:: ASSIGNMENT ::
The lines to reproduce from the material below are those from the one containing "作業着を着た男女が会議をしている" through the one containing "A modern hallway", both included; write them out exactly and add nothing.

:: DATA FOR THIS TASK ::
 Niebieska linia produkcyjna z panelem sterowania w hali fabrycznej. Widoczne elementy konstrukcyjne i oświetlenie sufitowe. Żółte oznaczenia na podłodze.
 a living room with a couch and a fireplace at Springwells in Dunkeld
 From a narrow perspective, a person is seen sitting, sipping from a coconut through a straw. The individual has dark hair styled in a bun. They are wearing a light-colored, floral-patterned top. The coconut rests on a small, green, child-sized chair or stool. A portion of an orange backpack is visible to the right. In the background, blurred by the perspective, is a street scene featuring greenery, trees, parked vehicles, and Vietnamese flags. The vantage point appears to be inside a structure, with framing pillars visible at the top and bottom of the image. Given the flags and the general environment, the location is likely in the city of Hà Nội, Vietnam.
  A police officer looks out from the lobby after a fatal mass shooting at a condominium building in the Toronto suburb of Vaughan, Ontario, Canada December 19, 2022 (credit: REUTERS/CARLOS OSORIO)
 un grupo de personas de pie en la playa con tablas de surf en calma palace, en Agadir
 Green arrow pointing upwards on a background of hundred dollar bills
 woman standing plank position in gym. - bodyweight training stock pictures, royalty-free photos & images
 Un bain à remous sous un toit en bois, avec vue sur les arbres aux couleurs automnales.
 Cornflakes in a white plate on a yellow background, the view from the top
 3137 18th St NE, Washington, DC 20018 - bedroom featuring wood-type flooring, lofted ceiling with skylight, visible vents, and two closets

...

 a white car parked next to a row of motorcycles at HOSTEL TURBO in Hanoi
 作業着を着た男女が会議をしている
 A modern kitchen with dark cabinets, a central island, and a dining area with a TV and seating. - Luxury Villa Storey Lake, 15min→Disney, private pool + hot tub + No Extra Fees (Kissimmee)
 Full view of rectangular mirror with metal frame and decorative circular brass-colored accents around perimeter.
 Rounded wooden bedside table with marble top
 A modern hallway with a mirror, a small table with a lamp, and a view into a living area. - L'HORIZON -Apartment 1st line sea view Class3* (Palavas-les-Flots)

...

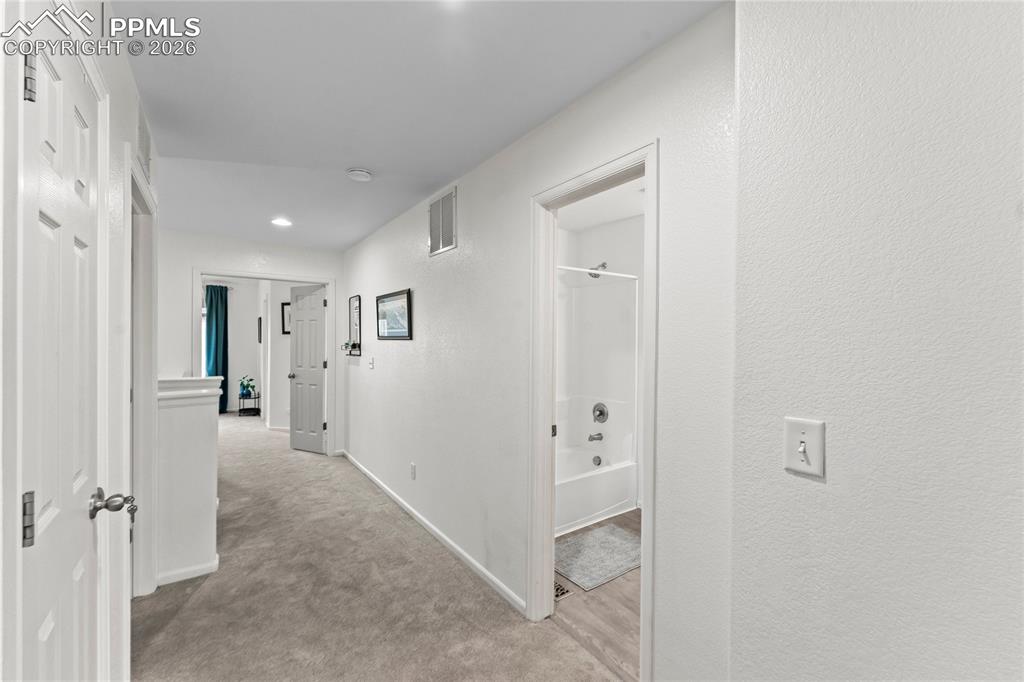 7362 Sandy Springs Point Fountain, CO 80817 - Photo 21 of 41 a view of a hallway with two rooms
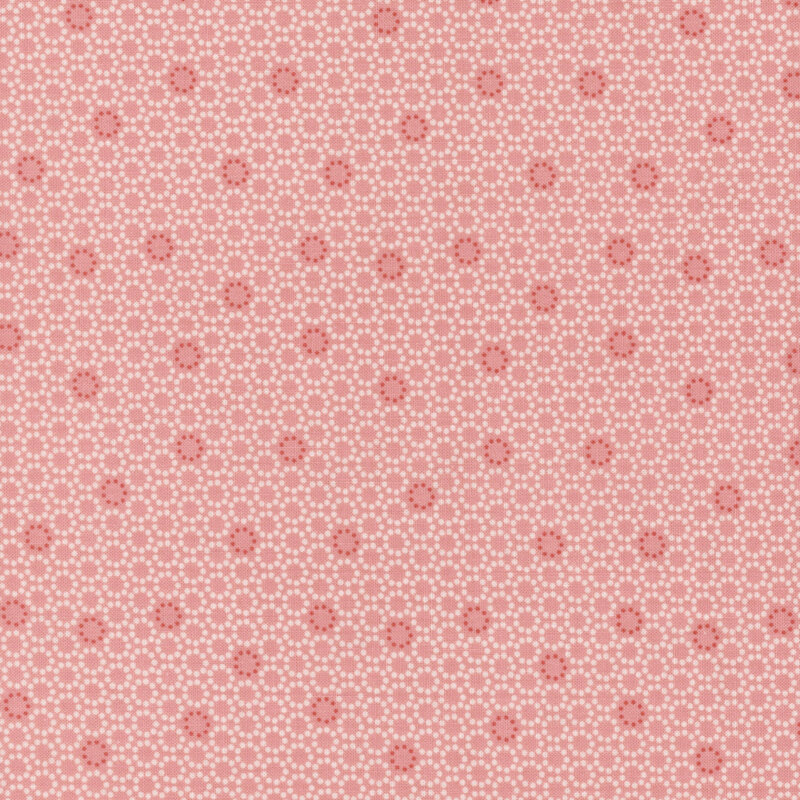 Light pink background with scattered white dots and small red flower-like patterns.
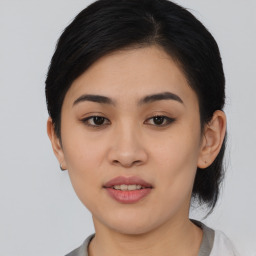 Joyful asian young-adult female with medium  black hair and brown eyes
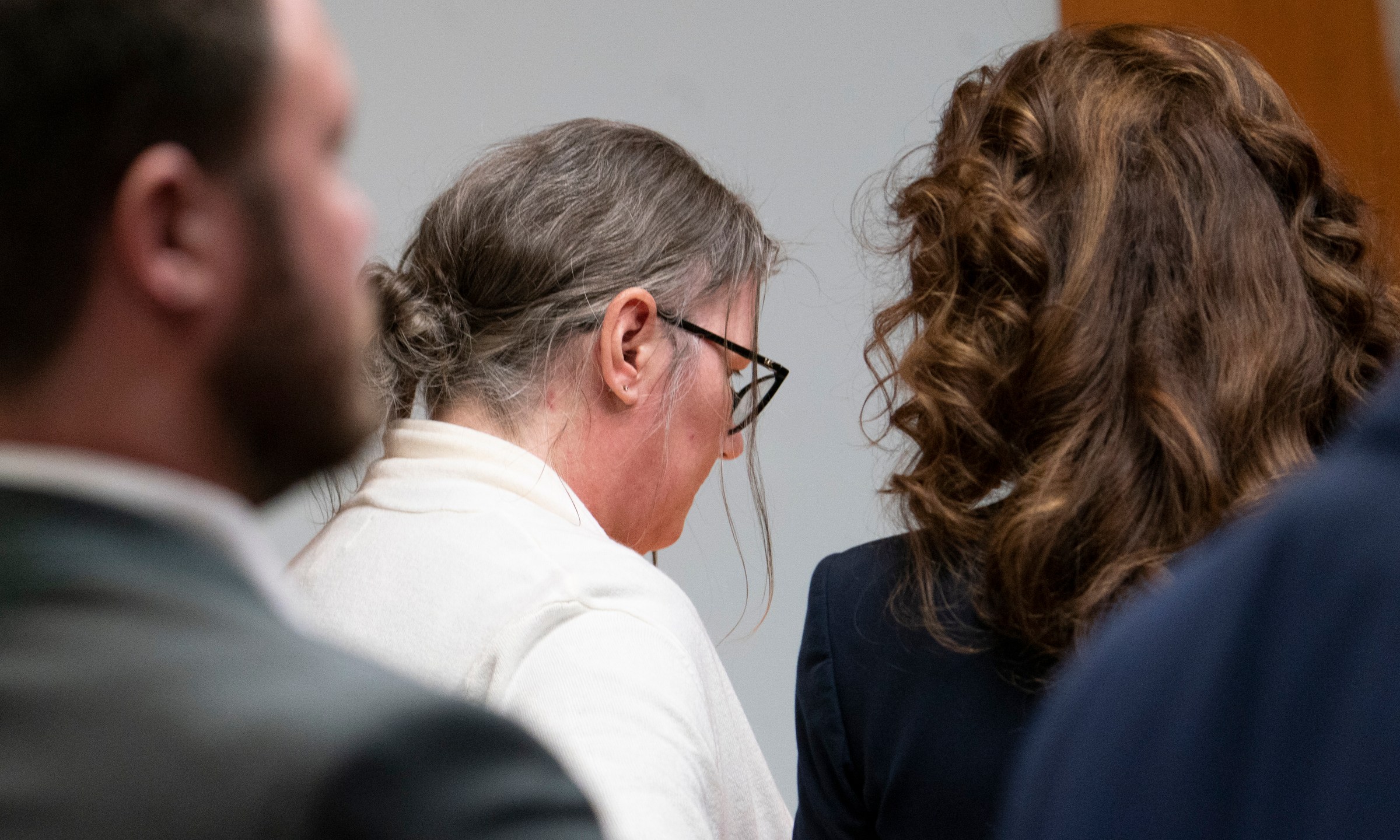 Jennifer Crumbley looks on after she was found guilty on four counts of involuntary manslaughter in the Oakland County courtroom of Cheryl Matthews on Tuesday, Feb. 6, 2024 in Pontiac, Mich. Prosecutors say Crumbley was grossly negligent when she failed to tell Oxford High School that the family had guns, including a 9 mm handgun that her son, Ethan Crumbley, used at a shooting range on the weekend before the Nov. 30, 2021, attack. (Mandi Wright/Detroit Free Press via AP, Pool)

:: REPLY ::
 作業着を着た男女が会議をしている
 A modern kitchen with dark cabinets, a central island, and a dining area with a TV and seating. - Luxury Villa Storey Lake, 15min→Disney, private pool + hot tub + No Extra Fees (Kissimmee)
 Full view of rectangular mirror with metal frame and decorative circular brass-colored accents around perimeter.
 Rounded wooden bedside table with marble top
 A modern hallway with a mirror, a small table with a lamp, and a view into a living area. - L'HORIZON -Apartment 1st line sea view Class3* (Palavas-les-Flots)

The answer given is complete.